They were both silent for a moment. Then, to Lexy’s amazement, Mrs. Enderby laid a hand gently on the girl’s shoulder.
“My child,” she said, “you think I am a very hard woman. Perhaps it is so; but, like you, I do what seems to me the right. Certainly it is better now that you should leave us; but not like this. You must have your lunch here, then you must return to the house and sleep there, all in the usual way. To-morrow you shall go.” She paused a moment. “You shall go, if you are still determined that you will not keep faith with me.”

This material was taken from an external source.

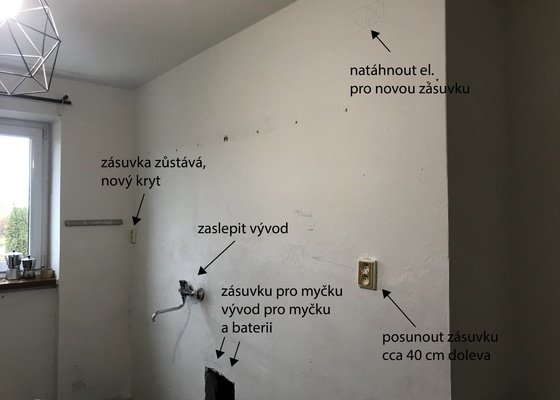 Příprava el. zásuvek a přívodu vody před instalací nové kuchyně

It was not a very difficult matter to touch Lexy’s heart. Whatever resentment she may have felt against Mrs. Enderby vanished now, lost in a sincere pity and respect; but she was firm in her purpose.
“I’ve got to tell one person,” she said. “If I do, I shall be able to tell you something you ought to know. I wish you could trust me! I wish you could believe that all I’m thinking of is—Caroline!”
“I do believe you,” said Mrs. Enderby. “You are very honest, and very, very young. You wish to do good, but you do harm. Very well, my child—I cannot stop you. Go your way, and I go mine; but”—she paused again, and again smiled her faint, shadowy smile—“if I think it right that you should be sacrificed, it shall be so. I am sorry. I have affection for you. I shall be sorry if you stand in my way.”
Lexy met her eyes steadily.
“I’m sorry, too,” she said.
And so she was. There was nothing in her heart now but sorrow for them all—for Caroline, for Mrs. Enderby, for the luckless Mr. Houseman, even for Miss Craigie; but most of all for Caroline.
“I’ve got to find her,” she thought, over and over again; “and he’ll help me!”
She had lunch in Miss Craigie’s cottage—a melancholy meal, with the hostess red-eyed and dejected and Mrs. Enderby sternly silent. Then, after lunch, poor Miss Craigie was sent out for a drive, in order to get rid of the chauffeur while Lexy slipped out of the house and down to the station.